Aim for 21 grams of coffee for 355 grams of water (1:16 ratio).
Do not forget that different coffees and different blends will differ in terms of density and size, so a tbsp of one coffee might weigh differently to another. Using scales can help you properly measure by weight, ensuring you know exactly how much you are actually putting into your coffee.
3. Always Grind To Suit Your Type of Coffee Maker
Different brewing methods require different coffee grind levels, from coarse to super-fine.
Taste and brewing time can help you tell if the grind was correct.. If it tastes bitter then your grind was too fine (over-extracted coffee). Iff it tastes sour, the grind level is too coarse (under-extracted coffee)..
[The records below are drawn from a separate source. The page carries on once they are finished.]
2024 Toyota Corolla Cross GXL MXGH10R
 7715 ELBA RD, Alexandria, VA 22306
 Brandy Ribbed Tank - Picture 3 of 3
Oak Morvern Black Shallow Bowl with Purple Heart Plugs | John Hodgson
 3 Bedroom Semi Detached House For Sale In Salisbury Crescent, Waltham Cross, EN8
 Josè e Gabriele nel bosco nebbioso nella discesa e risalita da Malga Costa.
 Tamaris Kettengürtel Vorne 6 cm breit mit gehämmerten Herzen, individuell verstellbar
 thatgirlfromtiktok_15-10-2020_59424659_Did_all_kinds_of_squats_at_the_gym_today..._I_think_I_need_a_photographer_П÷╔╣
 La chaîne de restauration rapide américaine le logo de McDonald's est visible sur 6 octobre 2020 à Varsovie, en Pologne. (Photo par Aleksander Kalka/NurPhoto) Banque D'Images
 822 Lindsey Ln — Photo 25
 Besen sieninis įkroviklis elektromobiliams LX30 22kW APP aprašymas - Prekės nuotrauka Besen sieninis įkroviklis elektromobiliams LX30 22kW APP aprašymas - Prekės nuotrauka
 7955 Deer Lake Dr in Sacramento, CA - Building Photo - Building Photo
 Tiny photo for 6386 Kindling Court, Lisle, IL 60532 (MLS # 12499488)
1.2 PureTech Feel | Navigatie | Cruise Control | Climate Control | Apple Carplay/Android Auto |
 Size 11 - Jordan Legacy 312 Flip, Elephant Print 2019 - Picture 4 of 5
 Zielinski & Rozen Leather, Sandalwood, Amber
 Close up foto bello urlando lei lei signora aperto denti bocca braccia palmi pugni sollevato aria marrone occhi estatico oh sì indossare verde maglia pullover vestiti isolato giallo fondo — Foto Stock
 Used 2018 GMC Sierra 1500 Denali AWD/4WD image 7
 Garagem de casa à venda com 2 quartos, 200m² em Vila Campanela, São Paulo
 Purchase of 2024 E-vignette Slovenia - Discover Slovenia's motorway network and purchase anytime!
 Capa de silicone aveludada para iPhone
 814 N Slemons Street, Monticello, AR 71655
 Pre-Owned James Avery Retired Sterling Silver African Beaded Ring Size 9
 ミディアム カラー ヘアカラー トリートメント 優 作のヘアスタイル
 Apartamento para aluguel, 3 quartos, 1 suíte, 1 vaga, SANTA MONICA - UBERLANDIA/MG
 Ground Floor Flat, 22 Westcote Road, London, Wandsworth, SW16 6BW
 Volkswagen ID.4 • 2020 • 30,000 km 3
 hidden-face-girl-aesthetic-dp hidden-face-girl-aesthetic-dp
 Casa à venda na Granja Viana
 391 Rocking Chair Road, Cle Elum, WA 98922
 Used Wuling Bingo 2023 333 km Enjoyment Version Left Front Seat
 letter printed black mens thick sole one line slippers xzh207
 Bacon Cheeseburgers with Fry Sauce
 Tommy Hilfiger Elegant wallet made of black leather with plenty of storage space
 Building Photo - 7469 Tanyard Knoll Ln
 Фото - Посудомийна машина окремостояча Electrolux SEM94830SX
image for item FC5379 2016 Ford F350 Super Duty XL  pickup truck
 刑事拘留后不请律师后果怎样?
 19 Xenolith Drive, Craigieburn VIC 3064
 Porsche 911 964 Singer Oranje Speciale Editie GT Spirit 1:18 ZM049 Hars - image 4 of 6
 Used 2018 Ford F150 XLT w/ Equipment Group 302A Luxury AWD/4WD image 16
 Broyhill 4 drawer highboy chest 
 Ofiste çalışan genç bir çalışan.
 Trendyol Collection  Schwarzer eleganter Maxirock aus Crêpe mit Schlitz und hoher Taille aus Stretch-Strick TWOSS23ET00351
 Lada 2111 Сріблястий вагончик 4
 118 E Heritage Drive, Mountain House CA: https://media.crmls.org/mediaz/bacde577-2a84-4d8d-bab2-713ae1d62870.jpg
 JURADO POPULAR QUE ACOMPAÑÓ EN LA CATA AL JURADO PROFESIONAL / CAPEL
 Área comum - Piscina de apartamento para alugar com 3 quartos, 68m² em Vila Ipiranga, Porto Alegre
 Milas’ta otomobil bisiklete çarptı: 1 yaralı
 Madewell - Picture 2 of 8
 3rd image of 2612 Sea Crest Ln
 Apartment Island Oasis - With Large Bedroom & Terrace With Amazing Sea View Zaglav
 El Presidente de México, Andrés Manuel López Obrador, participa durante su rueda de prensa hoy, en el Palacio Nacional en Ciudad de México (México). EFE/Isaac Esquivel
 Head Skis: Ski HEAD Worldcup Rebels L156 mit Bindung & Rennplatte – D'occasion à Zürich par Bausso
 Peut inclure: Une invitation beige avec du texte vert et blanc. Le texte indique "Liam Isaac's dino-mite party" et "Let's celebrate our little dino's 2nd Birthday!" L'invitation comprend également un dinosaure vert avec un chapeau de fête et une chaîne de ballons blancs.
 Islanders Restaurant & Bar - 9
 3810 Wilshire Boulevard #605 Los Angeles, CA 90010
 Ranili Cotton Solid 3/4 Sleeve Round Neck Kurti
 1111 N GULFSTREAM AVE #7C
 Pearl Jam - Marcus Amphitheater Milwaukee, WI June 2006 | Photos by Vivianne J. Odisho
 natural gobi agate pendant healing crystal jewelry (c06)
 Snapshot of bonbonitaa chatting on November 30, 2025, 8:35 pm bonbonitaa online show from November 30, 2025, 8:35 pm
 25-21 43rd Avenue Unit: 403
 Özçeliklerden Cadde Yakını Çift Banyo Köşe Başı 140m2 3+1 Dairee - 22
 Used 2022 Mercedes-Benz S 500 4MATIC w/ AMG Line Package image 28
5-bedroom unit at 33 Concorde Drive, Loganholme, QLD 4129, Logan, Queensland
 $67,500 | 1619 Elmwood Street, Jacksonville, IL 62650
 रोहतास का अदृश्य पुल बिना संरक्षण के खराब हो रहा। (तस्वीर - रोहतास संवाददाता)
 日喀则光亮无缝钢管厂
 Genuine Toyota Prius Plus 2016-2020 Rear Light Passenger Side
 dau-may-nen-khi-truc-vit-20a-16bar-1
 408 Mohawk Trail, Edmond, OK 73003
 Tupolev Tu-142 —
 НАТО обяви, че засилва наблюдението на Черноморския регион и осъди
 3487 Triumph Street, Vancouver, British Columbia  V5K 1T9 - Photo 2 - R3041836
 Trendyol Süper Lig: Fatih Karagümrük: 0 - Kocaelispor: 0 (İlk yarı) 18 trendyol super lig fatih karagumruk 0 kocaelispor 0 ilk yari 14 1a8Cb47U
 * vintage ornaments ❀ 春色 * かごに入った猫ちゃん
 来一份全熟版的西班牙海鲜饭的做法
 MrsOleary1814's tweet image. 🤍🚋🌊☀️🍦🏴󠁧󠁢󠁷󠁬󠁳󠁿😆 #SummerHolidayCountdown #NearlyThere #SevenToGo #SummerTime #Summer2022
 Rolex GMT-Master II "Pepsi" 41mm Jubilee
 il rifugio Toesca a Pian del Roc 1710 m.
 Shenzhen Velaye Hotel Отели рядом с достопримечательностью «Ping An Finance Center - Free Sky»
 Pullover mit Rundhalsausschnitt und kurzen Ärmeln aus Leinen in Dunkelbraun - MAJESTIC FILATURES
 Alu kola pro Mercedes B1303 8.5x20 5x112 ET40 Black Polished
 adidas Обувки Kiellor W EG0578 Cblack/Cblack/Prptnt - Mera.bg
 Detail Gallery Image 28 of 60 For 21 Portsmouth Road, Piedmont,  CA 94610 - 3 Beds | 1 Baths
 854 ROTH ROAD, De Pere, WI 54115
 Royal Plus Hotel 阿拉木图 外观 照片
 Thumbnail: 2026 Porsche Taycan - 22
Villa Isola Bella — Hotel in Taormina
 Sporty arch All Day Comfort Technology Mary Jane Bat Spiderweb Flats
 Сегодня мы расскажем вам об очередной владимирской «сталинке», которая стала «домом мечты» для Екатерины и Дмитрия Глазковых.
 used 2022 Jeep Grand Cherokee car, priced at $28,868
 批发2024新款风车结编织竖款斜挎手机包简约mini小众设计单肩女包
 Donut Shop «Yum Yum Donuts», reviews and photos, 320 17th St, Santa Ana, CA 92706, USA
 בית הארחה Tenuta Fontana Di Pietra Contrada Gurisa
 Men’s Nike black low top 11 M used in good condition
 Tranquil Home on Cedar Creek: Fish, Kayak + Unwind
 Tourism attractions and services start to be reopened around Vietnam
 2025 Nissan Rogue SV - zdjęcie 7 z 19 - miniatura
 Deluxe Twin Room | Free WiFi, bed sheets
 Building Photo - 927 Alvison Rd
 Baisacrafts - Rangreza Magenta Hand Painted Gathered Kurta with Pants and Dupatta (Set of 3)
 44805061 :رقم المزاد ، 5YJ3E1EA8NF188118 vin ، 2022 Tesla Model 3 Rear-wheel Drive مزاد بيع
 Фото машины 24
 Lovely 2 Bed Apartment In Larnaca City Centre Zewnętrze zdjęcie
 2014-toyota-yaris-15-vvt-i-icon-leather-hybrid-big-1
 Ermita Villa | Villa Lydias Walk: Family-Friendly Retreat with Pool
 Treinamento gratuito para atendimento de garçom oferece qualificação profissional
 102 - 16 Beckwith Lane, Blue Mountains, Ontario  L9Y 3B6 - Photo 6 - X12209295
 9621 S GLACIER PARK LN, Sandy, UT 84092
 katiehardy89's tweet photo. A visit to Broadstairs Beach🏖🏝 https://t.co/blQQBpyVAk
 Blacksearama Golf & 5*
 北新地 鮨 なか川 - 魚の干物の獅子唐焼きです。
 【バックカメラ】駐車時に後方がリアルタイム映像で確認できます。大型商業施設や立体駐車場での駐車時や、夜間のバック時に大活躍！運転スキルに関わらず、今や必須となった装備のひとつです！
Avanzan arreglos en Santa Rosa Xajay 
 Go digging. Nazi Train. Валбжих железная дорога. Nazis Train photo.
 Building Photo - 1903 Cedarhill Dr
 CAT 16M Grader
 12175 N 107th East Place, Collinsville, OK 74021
- Espressos require a fine grind.
- French Press requires a coarse grind.
- Aeropress requires a medium grind.
- Pour-over methods require a medium grind.
Knowing how to grind your coffee for your method of brewing can help to ensure that you always end up with a delicious coffee.
The grinder is equally as important as the coffee maker itself! Avoid blade grinders and instead, use a quality burr grinder!
4. Use Filtered Water, Not Tap!
98.5% of a cup of coffee is water, so you have to consider the water quality when you are brewing. If your water is of bad quality, your coffee will be too.
The tap water in your home might seem fine, but most tap water contains a lot of minerals, not all of which are healthy and will benefit your coffee. This is why you should always use filtered, purified water for your cup of coffee.
Bottled water will do well for this purpose as well, but sea turtles and your wallet might not be happy about it.
Do not use distilled water, even though it is pure, coffee does need some minerals to be as delicious as it should be.
5. Temperature Matters!
Most of us just let the kettle boil to boiling point then pour to make a coffee. However, coffee is not meant to be that hot. If you want to get the best flavors out of your coffee then your water needs to be at the right temperature.
Optimal temperature should be between 195 and 205 degrees Fahrenheit (90 to 96 degrees Celsius).
This is because temperature will affect how fast the speed at which the flavors are extracted from your coffee, but it also will impact what gets extracted as well.
If you brewed your coffee too cold it would not extract all the flavors and the acidity coffee has. However, if you brew it too hot, then it will be more bitter.
That 10 degree window is the sweet spot for a perfect coffee.